Pero poseía amplios conocimientos sobre la cultura galáctica, estaba relativamente libre de la expresión de hostilidad y desconfianza universal que hacían tan repulsivo al terrestre medio, incluso a los ojos de un habitante del Imperio tan cosmopolita como Ennius.
—Estoy seguro de que en realidad no necesita la píldora para nada —comentó Shekt—. La metabolina no es más que otra de las supersticiones, Procurador, y usted lo sabe. Si yo sustituyese sus píldoras de metabolina por comprimidos de glucosa sin que se enterase no se sentiría peor, y además esas jaquecas que le afligen después de haber ingerido la metabolina son provocadas por usted mismo y tienen un origen totalmente psicosomático.
—Dice eso porque vive en su propio ambiente, Shekt. ¿Acaso niega que su metabolismo basal tiene un ritmo de actividad superior al mío?
—Pues claro que no lo niego, ¿pero qué importancia tiene eso, Ennius, sé que en el Imperio hay una superstición muy extendida, que afirma que los habitantes de la Tierra somos distintos de los otros seres humanos, pero no existe ninguna diferencia esencial ¿O ha venido aquí en calidad de embajador de los antiterrestres?
—¡Oh, por la vida del Emperador! —gruñó Ennius—. Sus camaradas de la Tierra son los mejores misioneros de esa causa... Mientras sigan viviendo como lo han hecho hasta ahora y continúen encerrados en su planeta letal alimentándose con su odio, los terrestres sólo serán una úlcera en el costado de la Galaxia. Sí, Shekt, hablo en serio... ¿Qué otro planeta tiene tal cantidad de rituales presente en su vida diaria y los cumple con la furia masoquista con que lo hacen ustedes? No pasa un solo día sin que reciba la visita de delegaciones de alguno de sus Consejos de Gobierno que vienen a pedir la pena de muerte para algún pobre desgraciado cuyo único delito ha sido entrar en una Zona Vedada, tratar de escapar a la Costumbre de los Sesenta, o quizá simplemente comer una ración mayor que la asignada.
—Ah, pero usted siempre concede la pena de muerte, Procurador... Me parece que su disgusto idealista no es lo bastante fuerte como para impulsarle a rechazar la petición.
—Las estrellas son testigos de que hago cuanto puedo para negar la condena que me piden. ¿Pero qué puedo hacer yo? El Emperador exige que todas las subdivisiones del Imperio conserven sus costumbres locales..., y es una medida muy acertada, porque quita toda posibilidad de obtener apoyo popular a los imbéciles que de lo contrario provocarían una rebelión cada día. Además, si me mantuviese inflexible cuando sus Consejos, Senados y Cámaras exigen la pena de muerte, estallaría tal tempestad de protestas, gritos y denuncias contra el Imperio y todas sus dependencias administrativas que preferiría dormir veinte años rodeado por una legión de demonios antes que enfrentarme a la Tierra en ese estado aunque sólo fuera durante diez minutos.
Shekt suspiró y se alisó los escasos cabellos que le quedaban en el cráneo.
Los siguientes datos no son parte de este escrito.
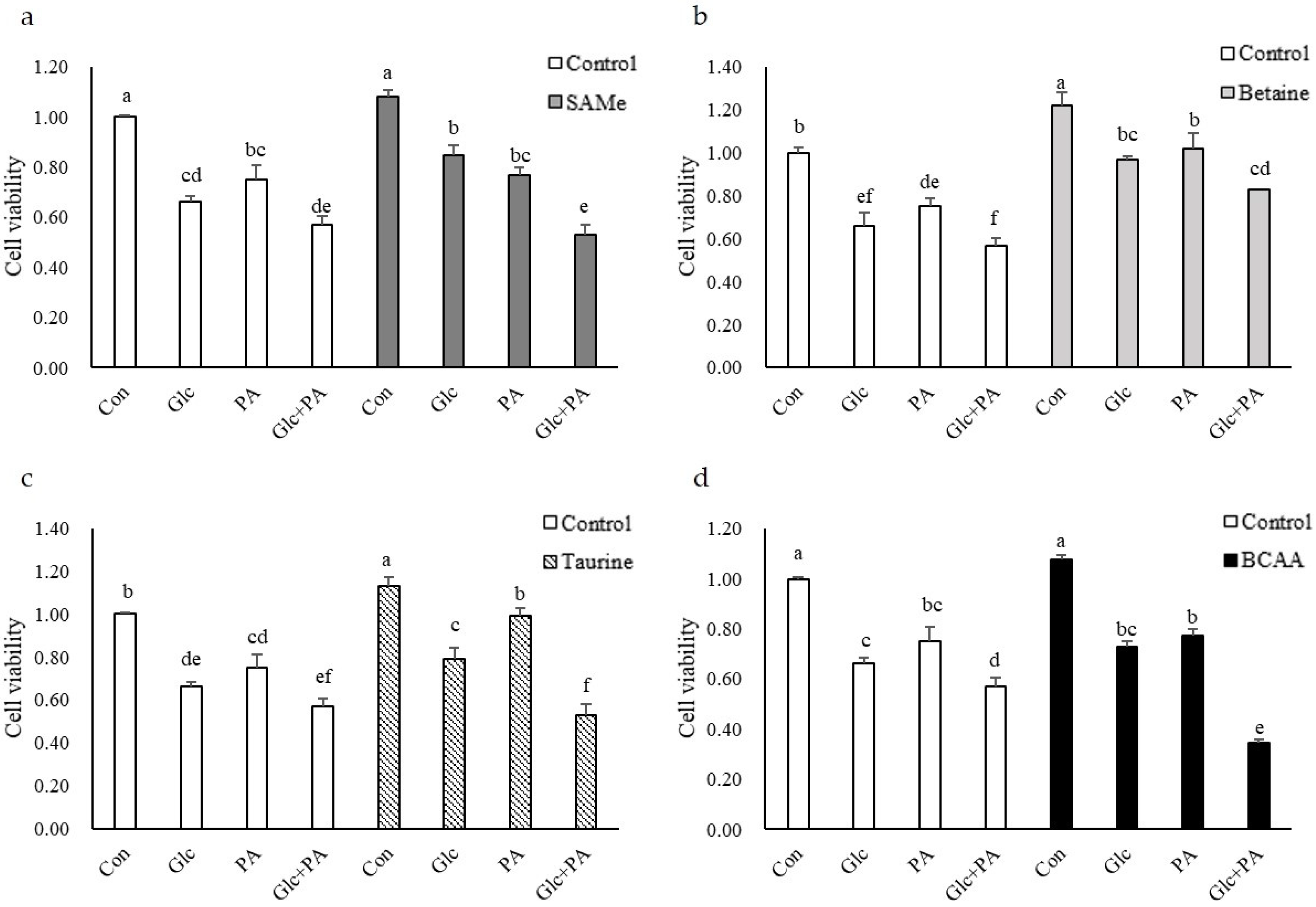 Nutrients 14 03050 g001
—Suponiendo que se nos tenga en cuenta, para el resto de la Galaxia la Tierra no es más que un guijarro en el cielo; pero para nosotros es la patria..., la única patria que conocemos. Sin embargo, no somos distintos de ustedes, sino únicamente más desgraciados. Estamos hacinados en un mundo casi muerto, envueltos por un muro de radiaciones que nos aprisiona, rodeados por una Galaxia inmensa que nos rechaza. ¿Qué podemos hacer para luchar contra el sentimiento de frustración que nos consume? ¿Estaría dispuesto a enviar al espacio nuestro exceso de población, procurador Ennius?
—¿Cree que me importaría hacerlo? —replicó Ennius encogiéndose de hombros—. Pero los habitantes de los otros mundos jamás lo aceptarían. No quieren ser víctimas de las enfermedades terrestres.
—¡Las enfermedades terrestres! —repitió Shekt con voz malhumorada—. Eso no es más que una idea absurda que debe ser eliminada... Los terrestres no somos portadores de la muerte. Usted Vive entre nosotros, Procurador. ¿Acaso ha muerto?